_INFORMATION PROVIDED_.
※ ※ ※

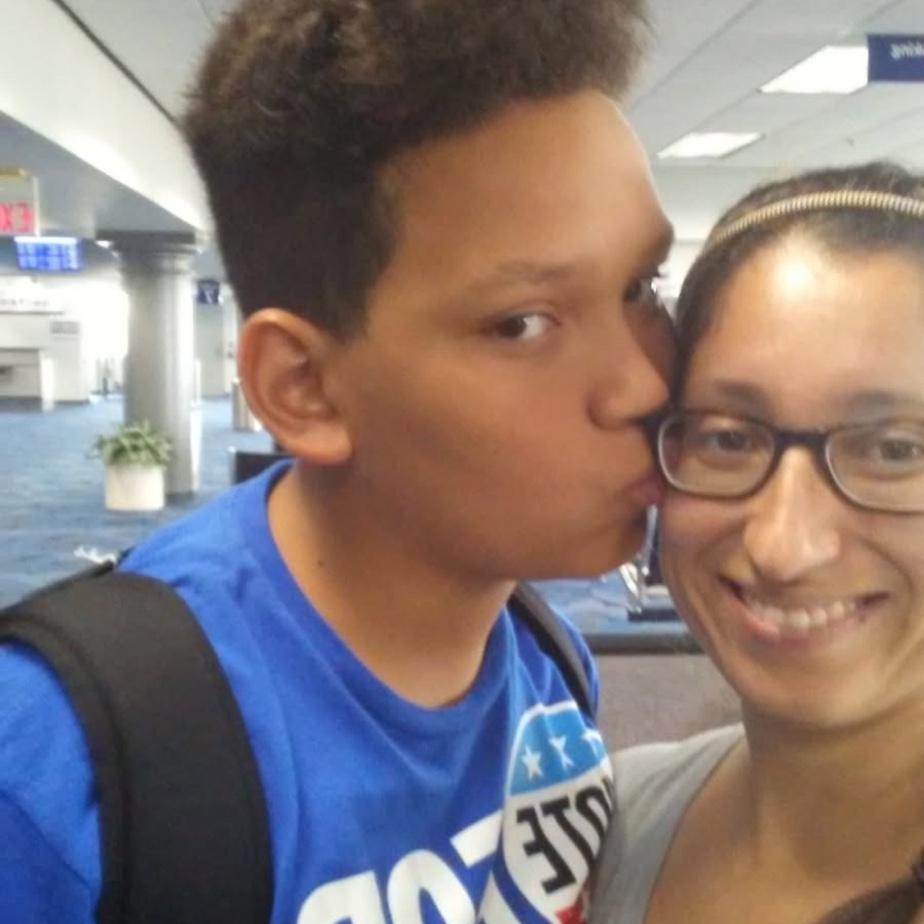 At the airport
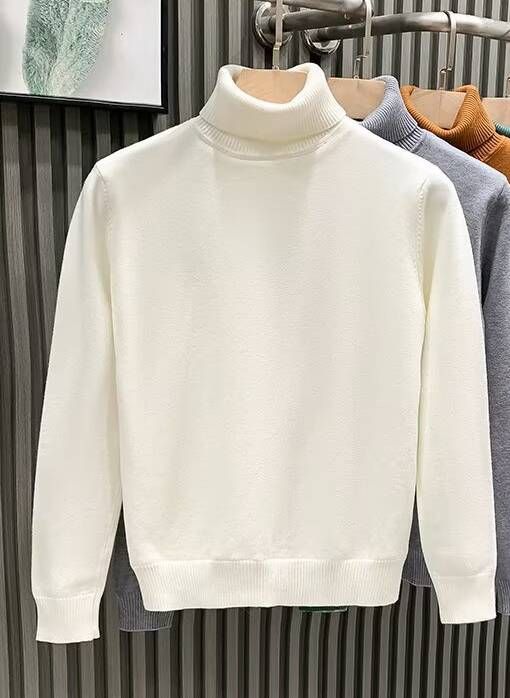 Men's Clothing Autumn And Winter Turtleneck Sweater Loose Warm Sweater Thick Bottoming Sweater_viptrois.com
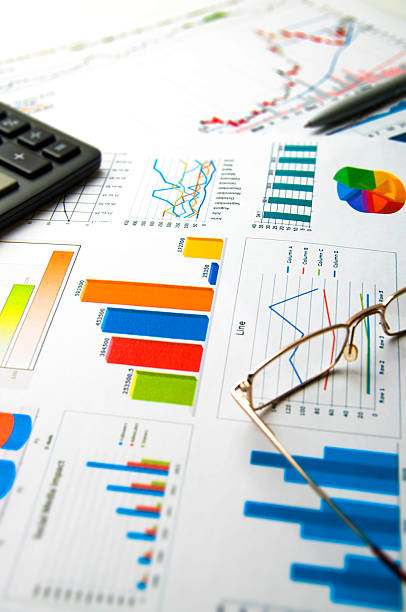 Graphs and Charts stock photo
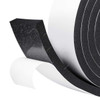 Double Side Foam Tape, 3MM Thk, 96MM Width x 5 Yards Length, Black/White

※ ※ ※

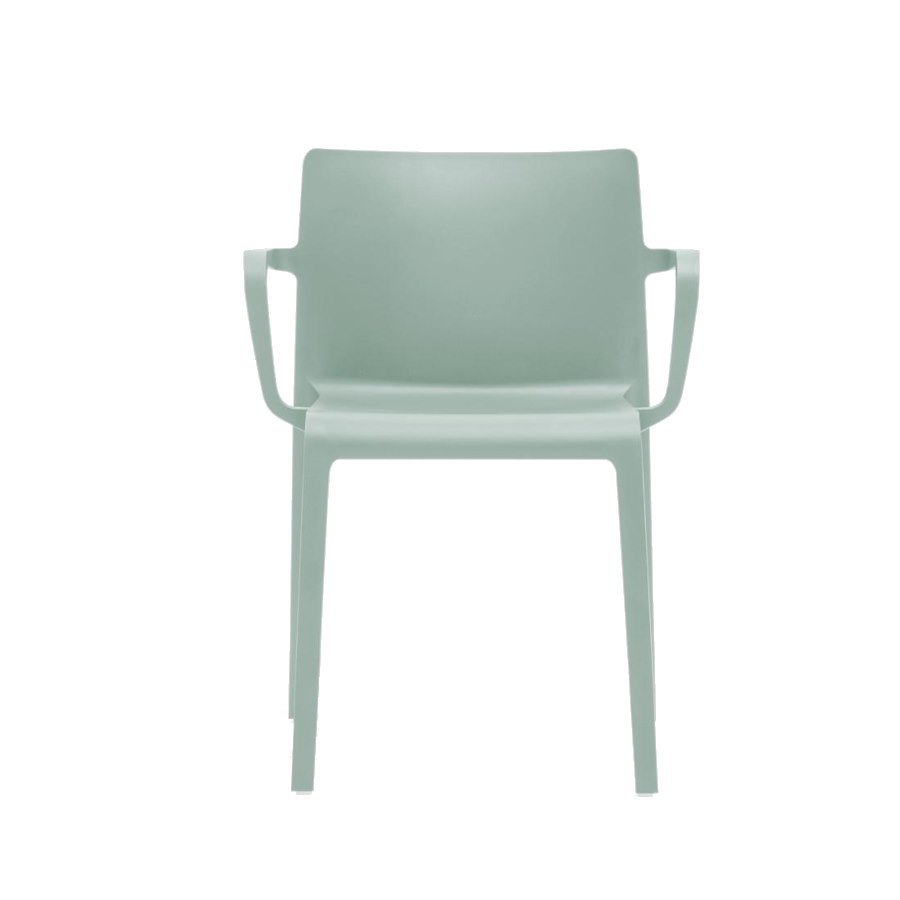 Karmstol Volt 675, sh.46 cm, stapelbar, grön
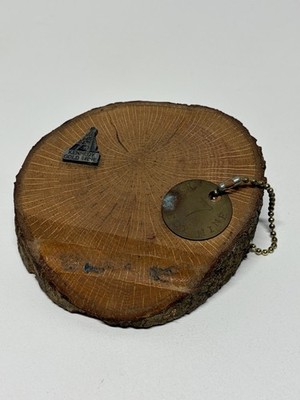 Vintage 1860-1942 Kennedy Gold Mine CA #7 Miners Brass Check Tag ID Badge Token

※ ※ ※

_TASK BRIEF_. Return the material from the line containing "At the airport" through the line containing "Double Side Foam", exactly and in full, but without its pictures.

_ANSWER AREA_.
 At the airport
 Men's Clothing Autumn And Winter Turtleneck Sweater Loose Warm Sweater Thick Bottoming Sweater_viptrois.com
 Graphs and Charts stock photo
 Double Side Foam Tape, 3MM Thk, 96MM Width x 5 Yards Length, Black/White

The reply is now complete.